▸ **The records**:

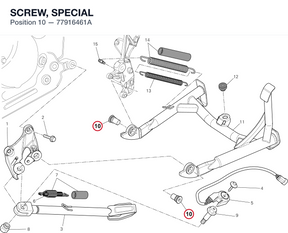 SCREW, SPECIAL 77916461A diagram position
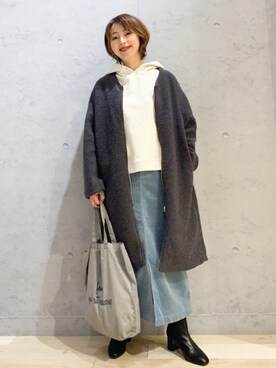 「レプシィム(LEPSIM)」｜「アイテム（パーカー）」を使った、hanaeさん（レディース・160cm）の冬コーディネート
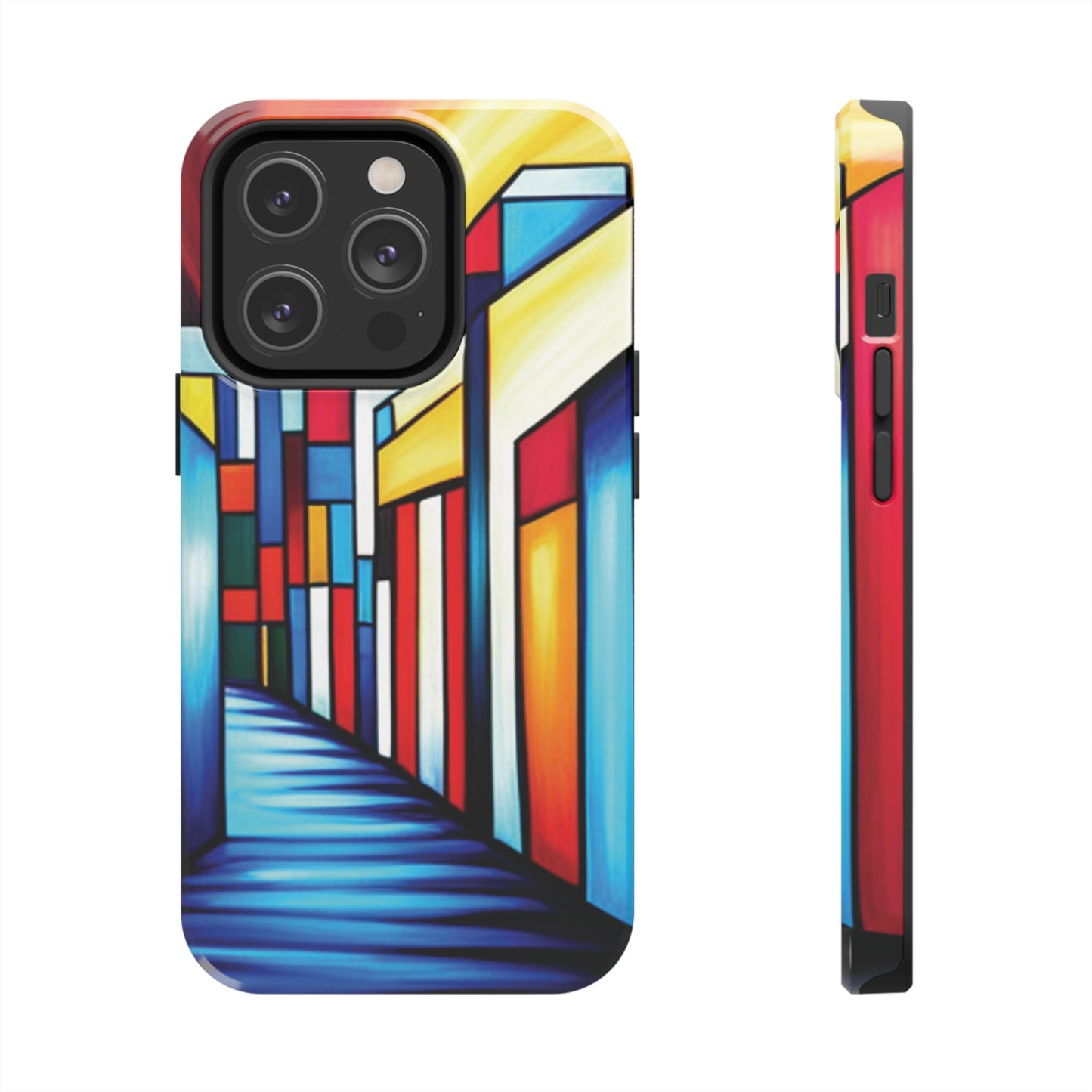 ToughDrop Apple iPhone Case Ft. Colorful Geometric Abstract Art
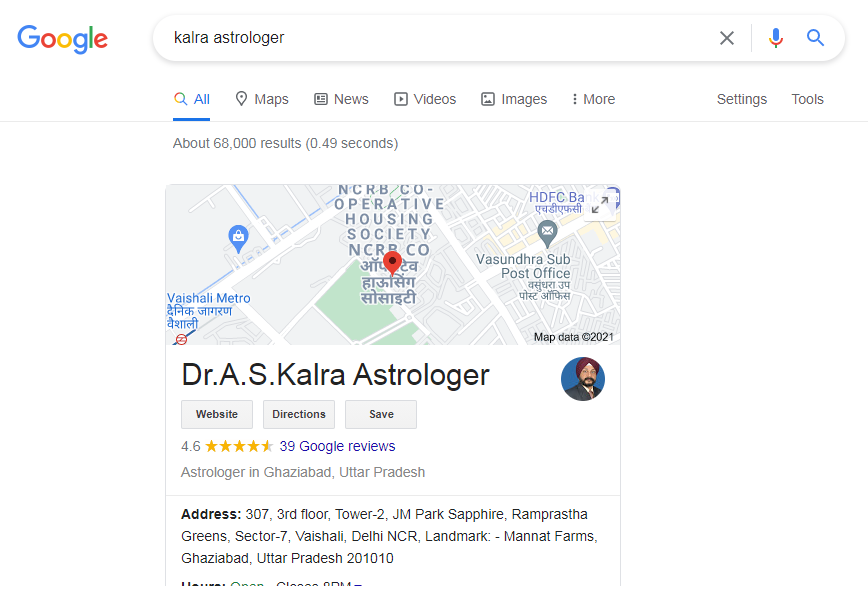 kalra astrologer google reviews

--

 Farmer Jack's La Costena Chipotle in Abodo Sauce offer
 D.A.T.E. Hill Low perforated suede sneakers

▸ **Task objective**: Please give back, exactly as it stands above, the stretch from the line with "Farmer Jack's La" through the line with "D.A.T.E. Hill Low perforated suede sneakers", and no line outside it.

▸ **Exercise solution**:
 Farmer Jack's La Costena Chipotle in Abodo Sauce offer
 D.A.T.E. Hill Low perforated suede sneakers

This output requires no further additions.